- [COLLECTED DATA]
—————

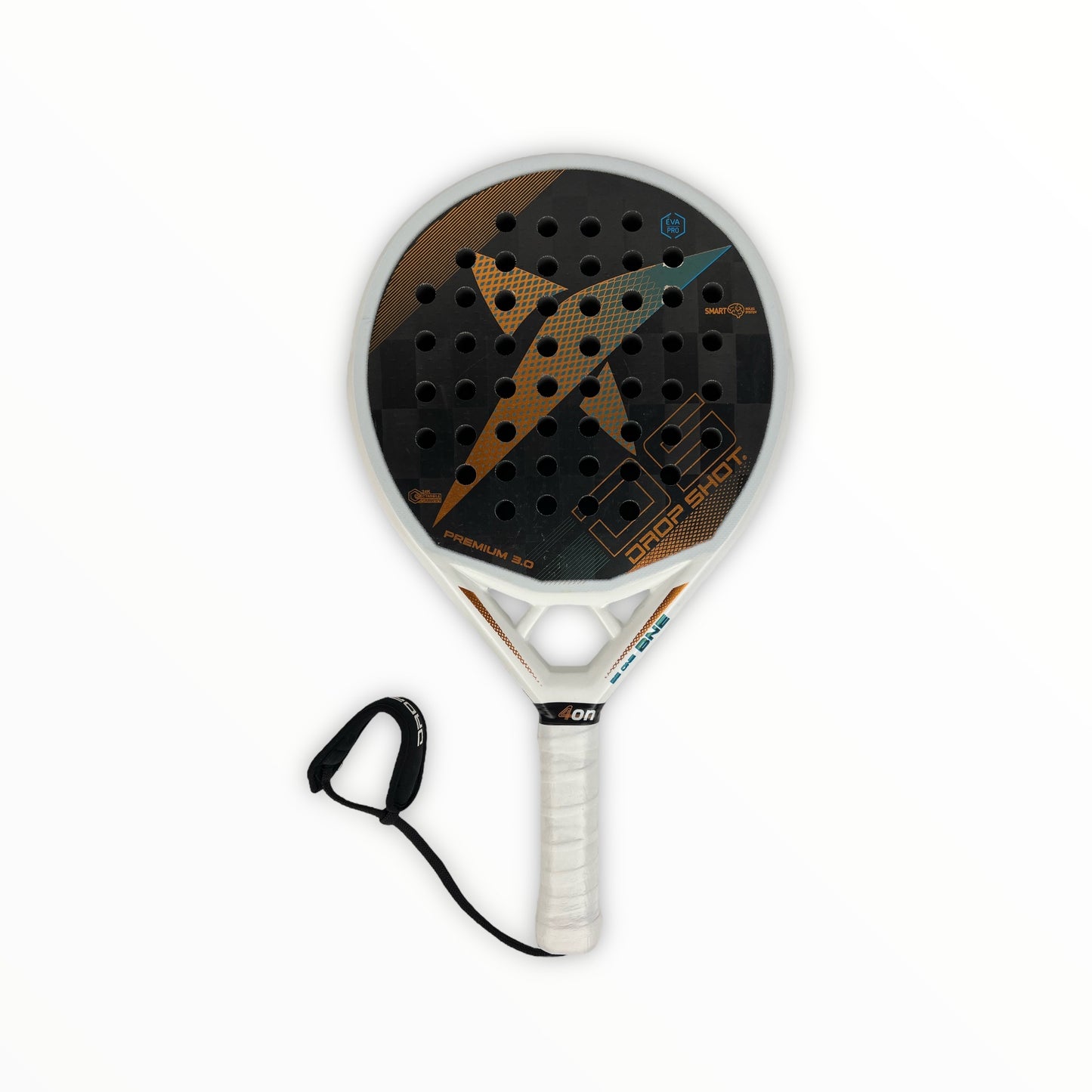 drop shot premium 3.0 2023, padel secondhand, padel second hand, begagnade padelrack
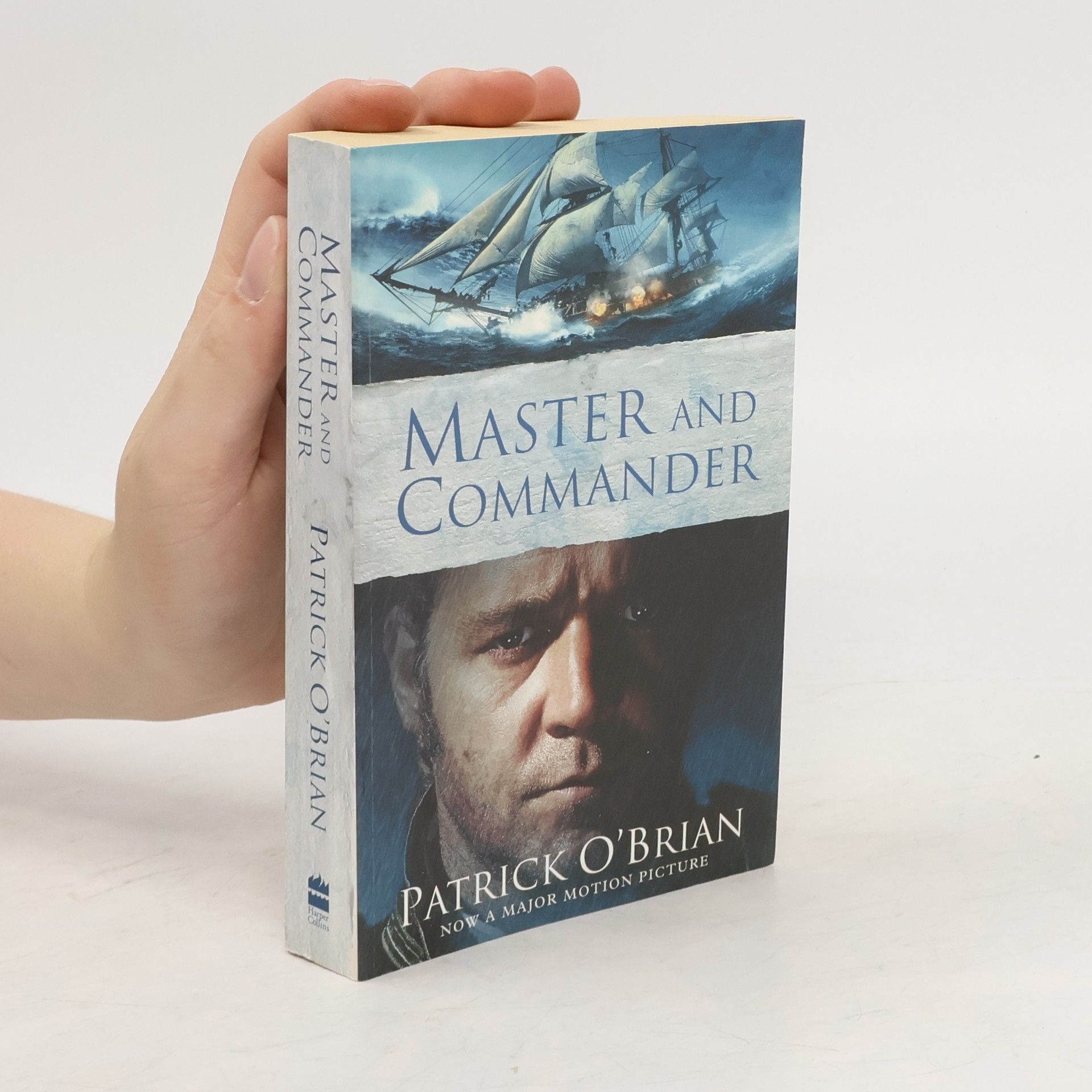 Patrick O’Brian Master and Commander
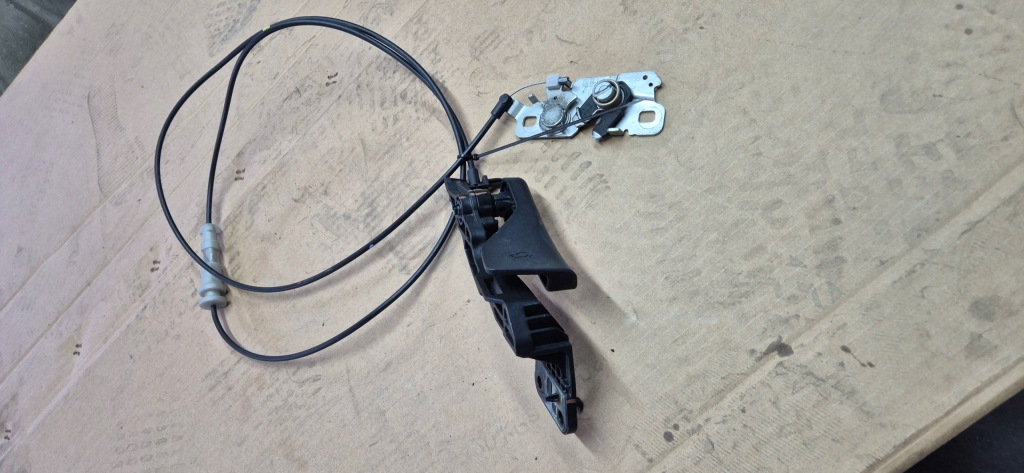 фото №2, Link ручка відкривання капот замок peugeot 208 ii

—————

- [WORK TASK]
Everything in the preceding material must be transcribed exactly, except the images.

- [EXERCISE OUTPUT]
 drop shot premium 3.0 2023, padel secondhand, padel second hand, begagnade padelrack
 Patrick O’Brian Master and Commander
 фото №2, Link ручка відкривання капот замок peugeot 208 ii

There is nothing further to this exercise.